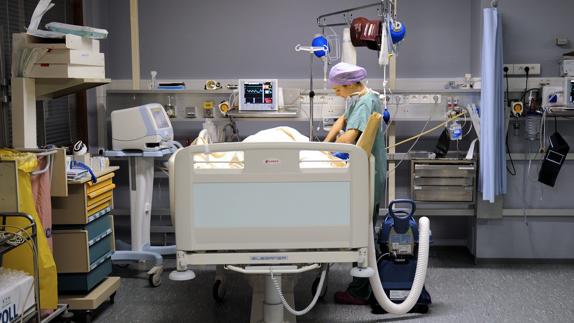 Una enfermera cuida de un paciente en una sala de recuperación.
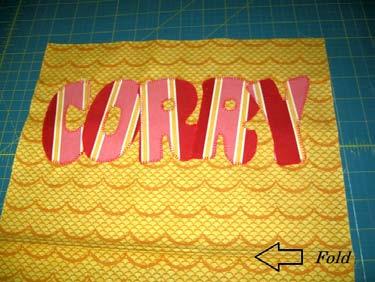 to the outside of the bag. First lets add the front pocket. So grab your folded 12" x 18" rectangle and your remaining applique yardage. Applique your Family Name.
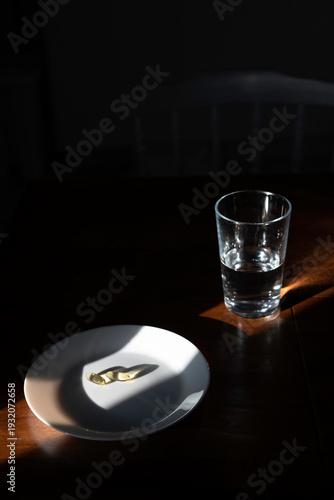 Pills on a white plate with a glass of water on a wooden table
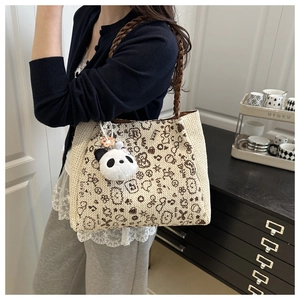 Detail der Strohtasche mit braunen Griffen und Panda-Plüsch-Anhänger in der Seitenansicht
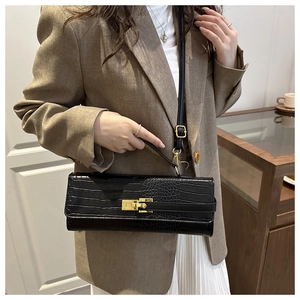 Close-up of black crocodile pattern faux leather handbag with elegant gold metal twist lock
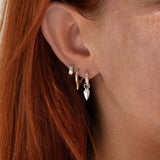 A close-up of a person's ear wearing multiple small hoop and dangle earrings, including a silver huggie hoop, a gold leaf-shaped hoop, and a silver teardrop dangle with a clear stone.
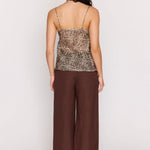 Woman wearing a Leopard print top and brown pants on a white background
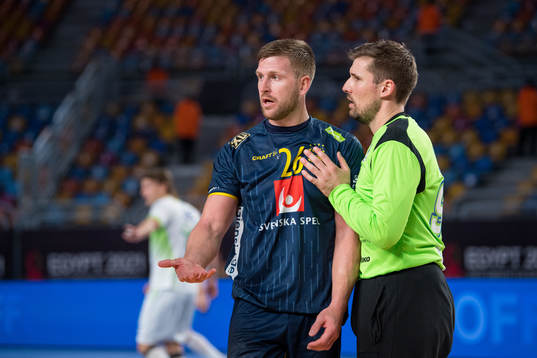 Linus Persson of Sweden and goalkeeper Urban Lesjak of
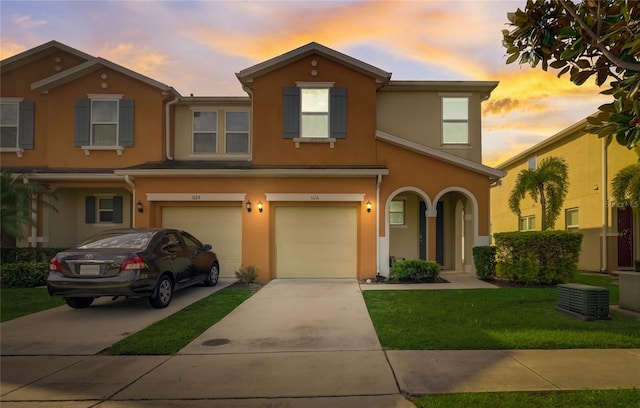 view of front of property with a yard, a garage, and central AC unit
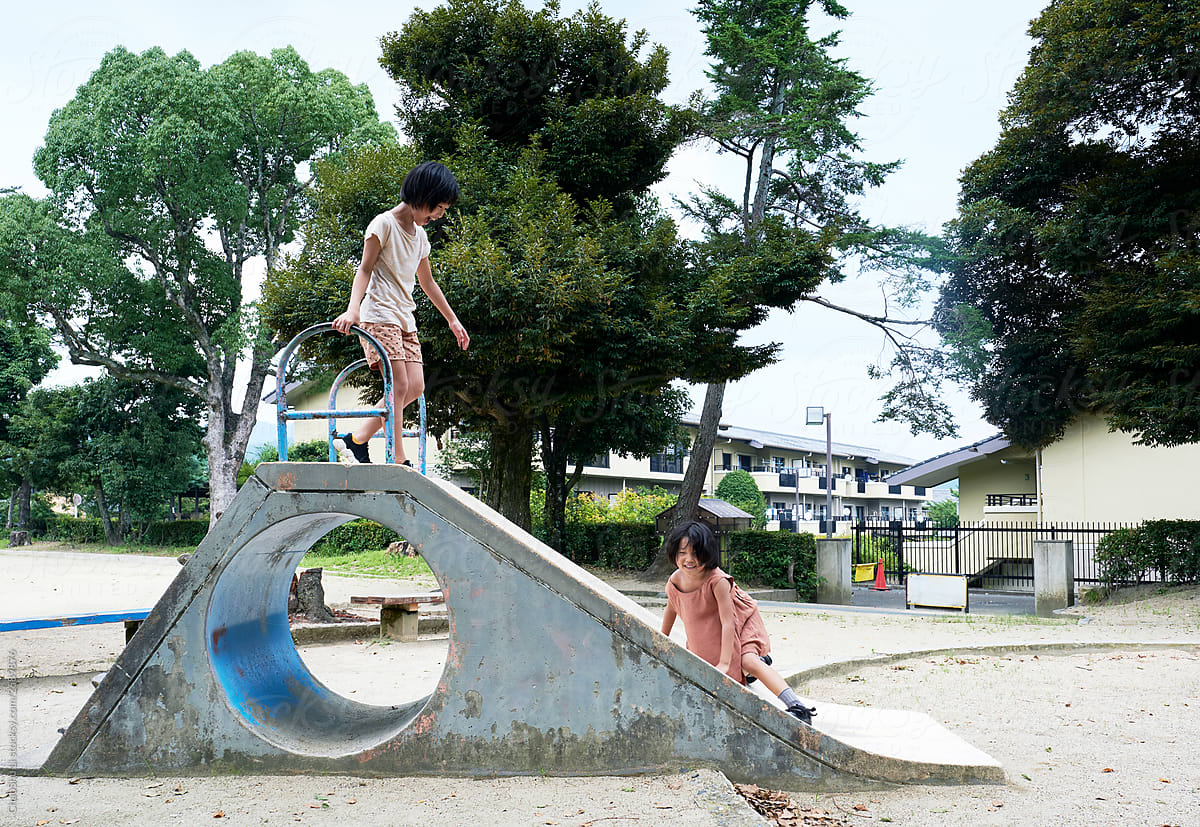Asian little girls playing slide, cute public park in Japan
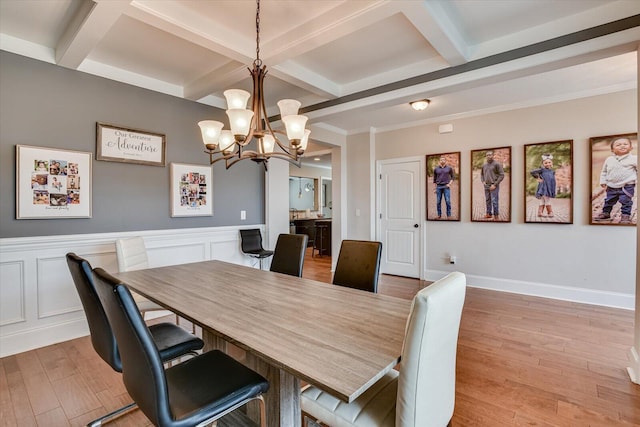 dining space with beam ceiling, a chandelier, wood-type flooring, and ornamental molding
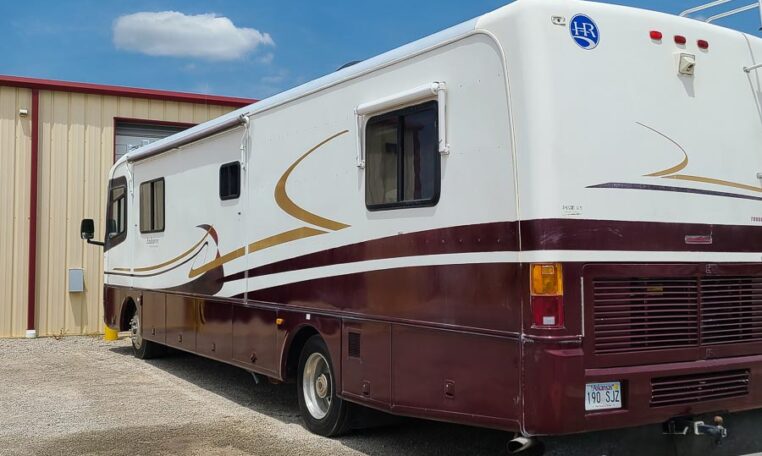 1998 Holday Rambler Endeavor at Luxury Coach - Back Curbside View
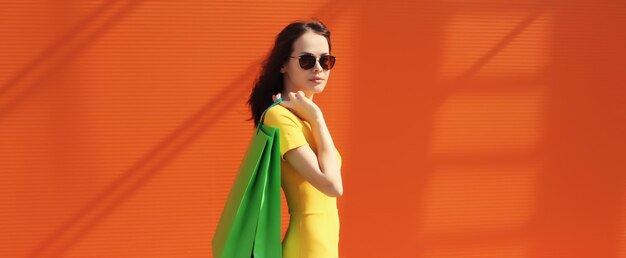 Retrato de una joven elegante y hermosa posando con bolsas de compras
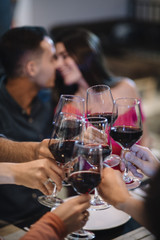 friends toasting with wine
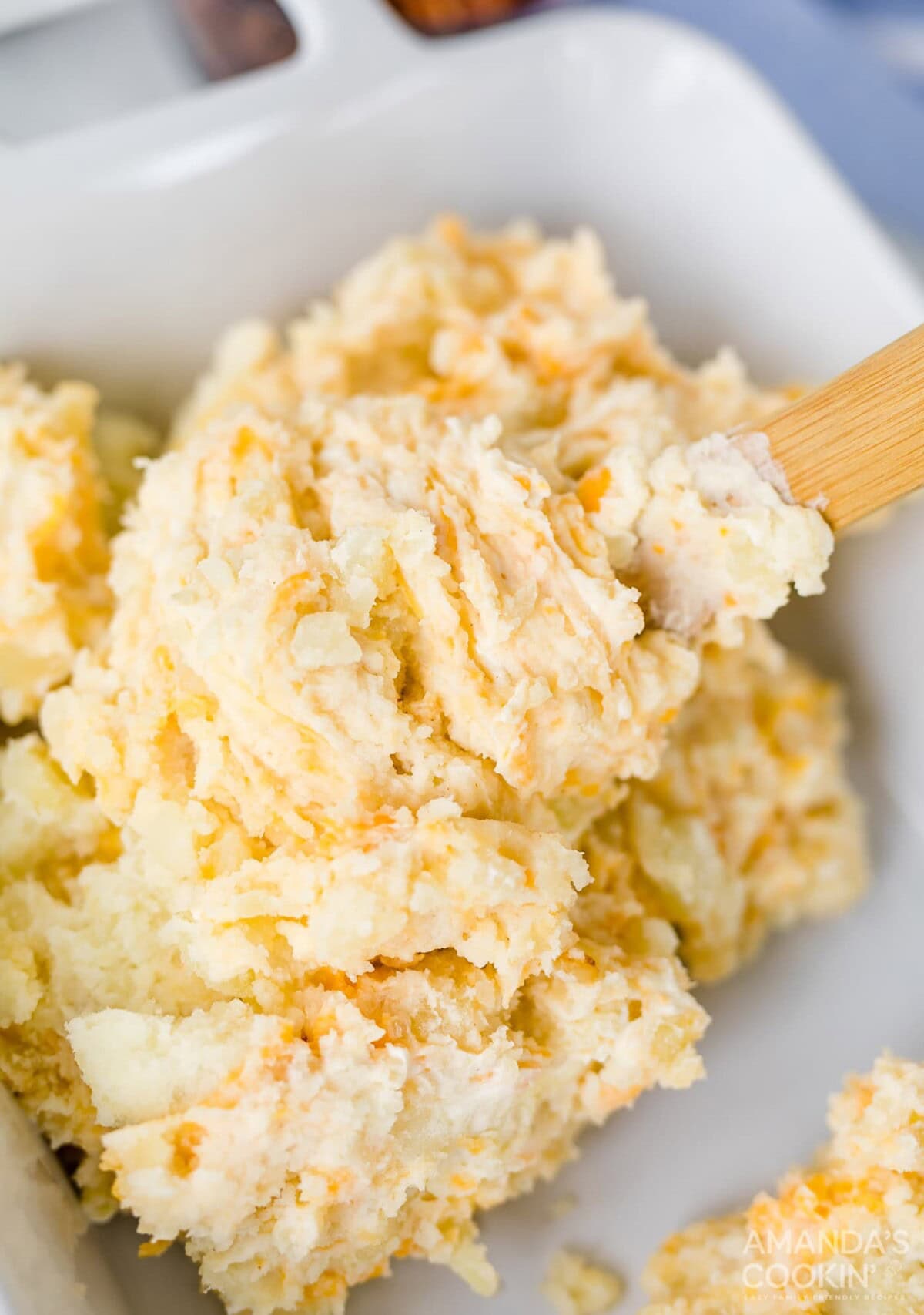 scooping mashed potatoes into a casserole dish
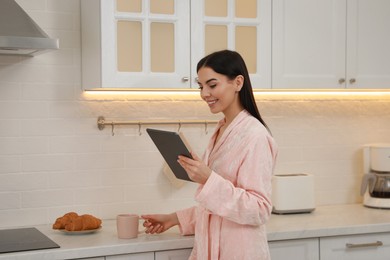 Photo of Young woman with tablet having breakfast in kitchen. Morning routine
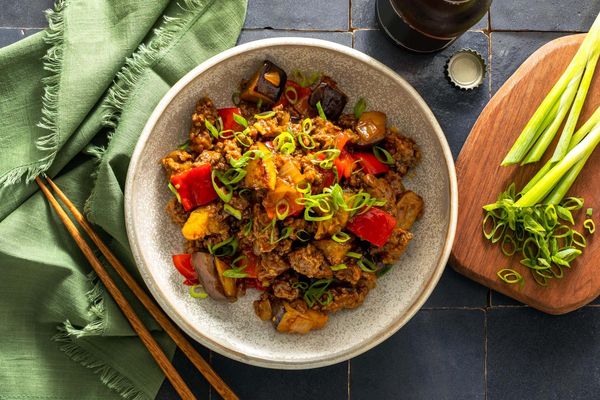 Five-spice pork and eggplant stir-fry with cashew-plum sauce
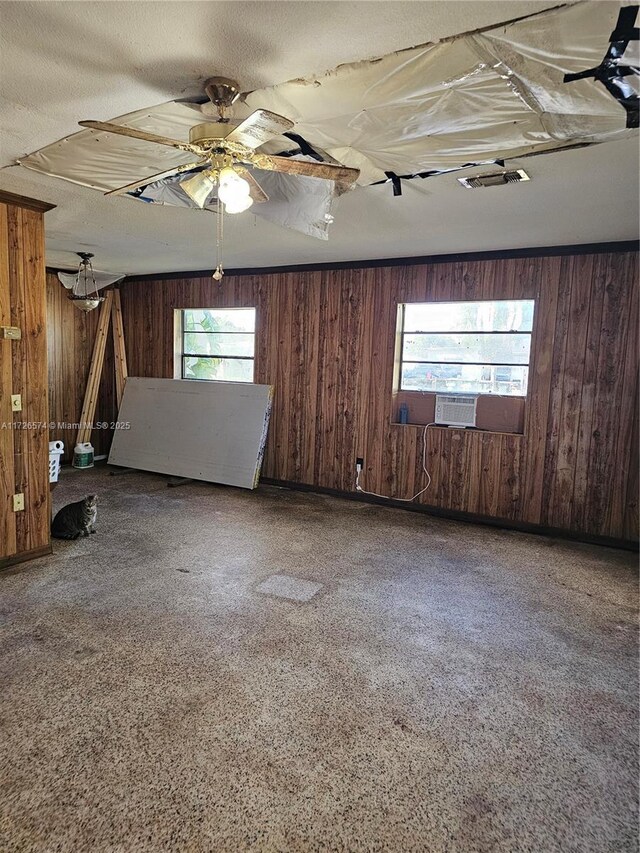 empty room featuring ceiling fan and wooden walls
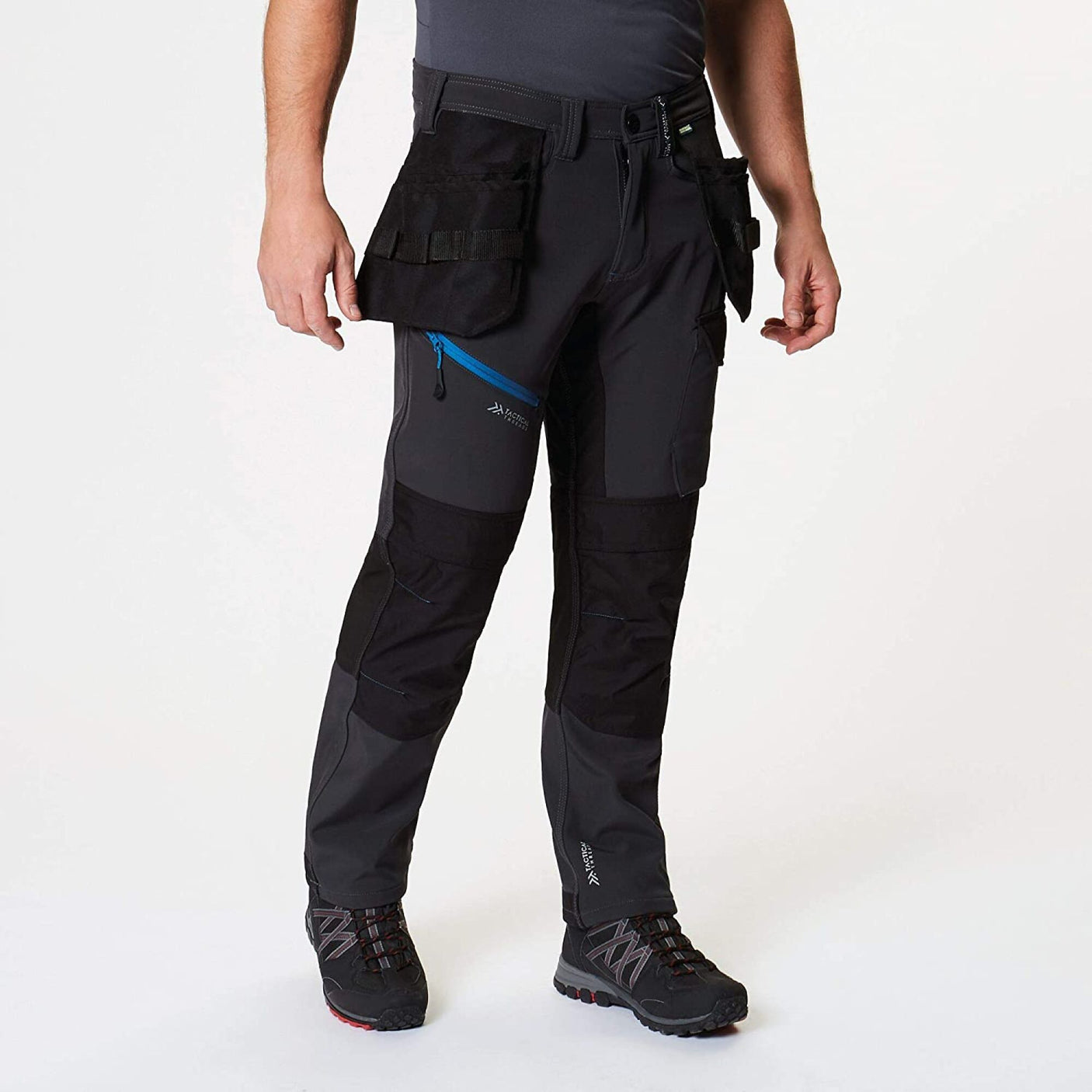 A person wearing Cottonmount's Tactical Threads Strategic Softshell Trouser in Ash Grey, featuring multiple pockets and zippers made from durable CORDURA® fabric, paired with black hiking shoes, stands against a plain background.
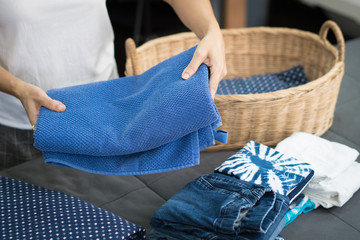 Woman's hands doing the daily chores - laundry. She folded clean clothes, towels and put it in the weaving bamboo laundry basket. Laundry, Softener, House work, Chores, Mommy daily routine concept.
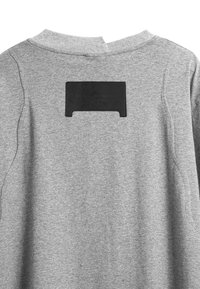 Sudadera gris con cuello alto, tejido texturizado y una etiqueta rectangular negra en la parte posterior con texto en relieve.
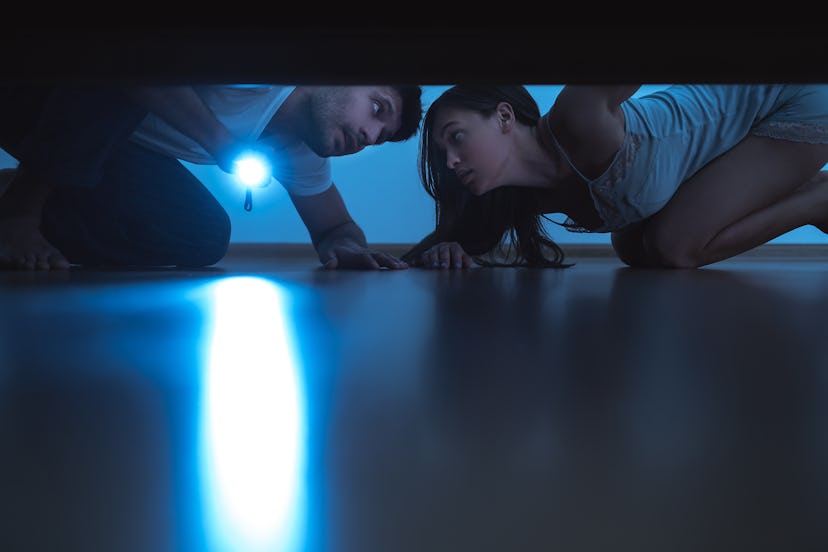 The man and a woman with a flashlight looking under the bed. evening night time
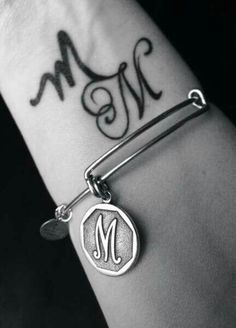 a person with a tattoo on their arm and the word m is written in black ink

• The task:
What is needed is an exact copy of the lines above, from the one holding "A close-up of" down to the one holding "Woman wearing a", with those two included and the pictures left out.

• Exercise solution:
 A close-up of a person's ear wearing multiple small hoop and dangle earrings, including a silver huggie hoop, a gold leaf-shaped hoop, and a silver teardrop dangle with a clear stone.
 Woman wearing a Leopard print top and brown pants on a white background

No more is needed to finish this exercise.